Tuesday, 17 November 2015

17 Nov 2015. <GB-ENG> Bletchley, Milton Keynes, Bucks —


Today we had a breakfast van operating in our layby, so Warren had a bacon and egg roll for breakfast! Then, on to McDonald's for a little computer time, and then back to Bletchley Park.

Warning — much of today is definitely nerd territory!



Today we were going to get into the automated side of code-breaking. For the Enigma machines, once Hut 6 had given you a set of plug-board settings, all that you had to do is to type the code into an Enigma machine, with all possible rotor settings, until plain (German) text came out. Simple! You only had to try 150,000,000,000,000 combinations! This is where the Bombe came in. For a start, each Bombe could be pre-set with 'best guesses' as to the first plugboard setting. This reduced the total run significantly. For a second point, once the first rotor setting had been confirmed, it was fairly trivial for an operator to run the coded message on a tester machine — effectively, a single enigma machine, to find the second and third rotor settings, and thus the full Enigma setting. Each bombe could emulate simultaneously 36 Enigma machines, and could run the whole coded text through each one in less than a second. Add to this that there were about 200 Bombes functioning, some at Bletchley, some in London — the Americans had even built their own version. Typically, they got the settings for an entire German Enigma network (there were quite a few) within 2 or 3 hours. The codebreakers prioritised the networks that were most tactically sensitive, and so had most of the major networks wide open for decoding for most of each day!
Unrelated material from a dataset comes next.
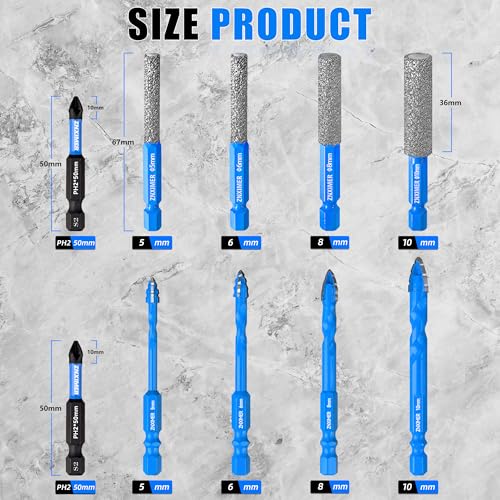 ZNXIMER Tile Drill Bits Set for Ceramic, Porcelain, Glass, Marble, Tile, Granite, Stone and More - 10pcs Diamond Drill Bit for Efficient, Precise Drilling and Milling 2 ZNXIMER Tile Drill Bits Set for Ceramic, Porcelain, Glass, Marble, Tile, Granite, Stone and More - 10pcs Diamond Drill Bit for Efficient, Precise Drilling and Milling - Image 2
The fact that the codes were being deciphered so regularly meant that a huge cover-up had to be instituted, which was an integral part of 'Ultra'. Wherever possible, an alternative explanation for the Allies having the information was fed to the Germans. Typically, evidence that a spy had reported the information was 'provided' to the Germans in as convincing a way as possible. The allies had to resist acting upon all the information received, or the whole story would be blown. We found out later that it has only recently been determined that the story of the British High Command not warning Coventry of an imminent and devastating air raid that effectively levelled the city was just that — a story. In reality, by the time the Enigma messages had been intercepted, decoded, passed to the High Command, the bombers would have already been well over Coventry! In fact, on the high seas, they did blow the deal by sinking one too many supply submarines. The Germans, suspicious, added an extra rotor to their naval Enigma machines, and the resultant 10-month blackout of decoding cost the allies a significant amount of shipping.

But Enigma — and the Bombe — are just part of the story.

The Germans had another coding device, reserved for top-level communication only. This was the Lorenz Machine. It was big, cumbersome attachment for a standard teletype — but supposedly unbreakable. Where Enigma had 150,000,000,000,000 possible settings, Lorenz had 12 rotors and 1.6 million billion start positions — a daunting prospect.

But one of the code-breakers, Bill Tutte, went away and worked out in about 2 weeks the physical structure of Lorenz. Still, the number of combinations that would have to be tried was huge. Here is where John Tiltman came in. He noticed one Lorenz message sent twice (because the first sending had not been received properly), and the sender, against all procedures, had not bothered to reset the machine between sendings. So he had two messages with the same Lorenz Settings. This would not have helped much, but for the fact that with the long message being sent out twice, the operator abbreviated some of the words — so, for example, 'NUMMER' became 'NR' and so on. This meant that the two messages, even though coded with the same machine settings, were now out of step — just the kind of material for a code-breaker to sink his — or more often her — teeth into.

From July 1942 to July 1943, the figuring out of the Lorenz wheel settings was carried out by hand in the Testery. In June 1943, a rather temperamental machine nicknamed 'Heath Robinson', developed by Max Newman, went on line and did most of the hack work in determining the Lorenz wheel settings until January 1944, but is was slow and unreliable — the input paper tapes, for example, kept on snapping.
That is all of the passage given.